Группу замыкал маленький беловолосый мальчик. Он резко отличался от черных высоких болгар, то и дело пытался протолкнуться вперед, вытягивался и звал Сашу.
— Не бойся, Яшка! Саша не потеряется. Он идет впереди, — сказала Катка и подумала: «Яшка и Сашка похожи друг на друга, словно братья родные!»
…После обеда продолжал лить дождь. В «Зеленой долине», правда, немного прояснилось, и разорванные тучки показывали, что в них уже нет больше силы.
В домиках левого крыла было шумно. Там размещались девочки. То одна, то другая девочка выбегала под дождь — срывала несколько цветочков и быстро возвращалась назад.
На правом крыле разместились мальчики. Уже был дан свисток к послеобеденному сну, уже иностранные и местные вожатые готовились к встрече с «генералом», который ждал их на лестнице главного здания, а шум в крайнем домике все еще не утихал.
Глаз с минуту прислушивался, потом взбежал по лестницам и распахнул двери третьей комнаты.
Ребята прыгали с двухэтажных постелей. Заметив вожатого, они так растерялись, что почти остались висеть в воздухе. Потом вскарабкались наверх и в тишине стали укладываться.
Вожатый ушел. Гонза посмотрел на постель Милана. Тот, свернувшись клубочком, спал.
«Жаль, что Милан спит», — подумал Гонза,
Гонза подвинулся к краешку постели и посмотрел вниз.
— Петр! — позвал он шепотом. — Иди наверх!
Петр вскарабкался к Гонзе.
— Что случилось?
— Послушай, что за парень Вило?
— Как что за парень?: Ну, немец. И, знаешь, он просто мировой.
— А мне что-то он не нравится! А как вы договариваетесь? Ведь ты не умеешь по-немецки.
— Не совсем не умею. Я учу немецкий уже два года. А он умеет по-чешски примерно так, как я по-немецки.
— Он умеет по-чешски? — удивился Гонза. — Откуда этот немец научился по-чешски? В школе ведь у них наверняка нет чешского!
— Это я уж не знаю. Может быть, его дома научили? Я могу спросить его. А что у тебя вышло с Вило?
— Ничего! — отрезал Гонза. — И давай катись. А если будешь брать от немцев жратву, я тебе разобью морду.
— Я от немцев ничего не беру!
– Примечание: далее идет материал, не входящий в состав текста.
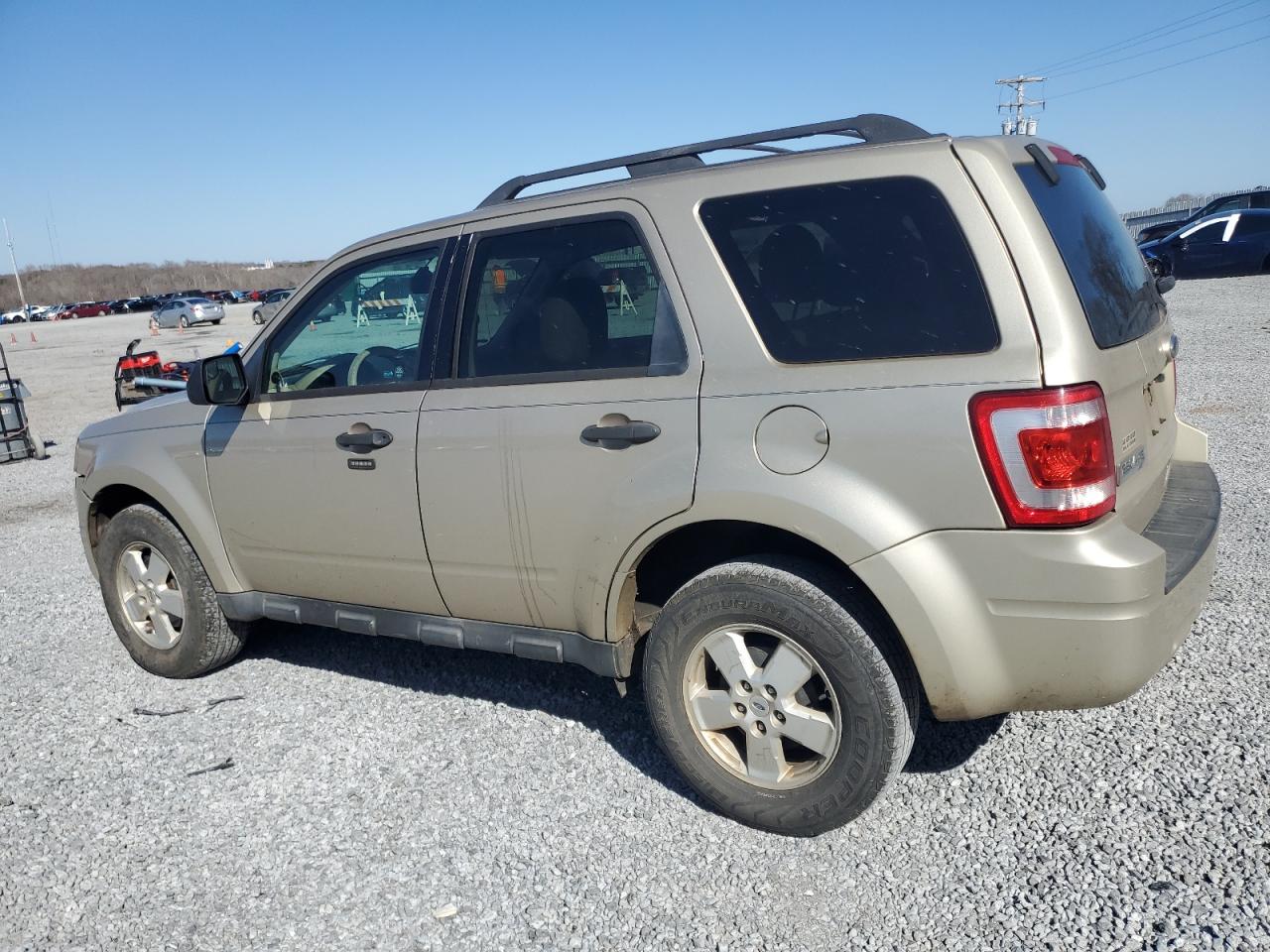 2011 Ford Escape - Image 2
Я получу сколько нужно от самого повара, если уж хочешь знать ты, ты… девчатник сумасшедший!
В комнате раздался грохот.
Ребята проснулись и удивленно смотрели на Петра, лежащего на полу.
Как раз в этот момент раздался свисток, означающий конец послеобеденного сна.
Облака как будто только и ждали этого свистка. Они вдруг расступились, и ясное солнышко залило «Зеленую долину» теплыми лучами.
Гонза Мудрых ужасно спешил. Он то и дело вынимал из кармана маленькое зеркальце и осматривал свою прическу. Смоченные волосы, еще минуту назад прилизанные, очень быстро высыхали при ходьбе. «Пока я дойду, опять буду весь в кудряшках, как баран», — испугался Гонза. Он подошел к душу, намочил руку и прижал волосы к голове. Забрызганные башмаки он вытер о брюки, один за другим, и вышел из душевой.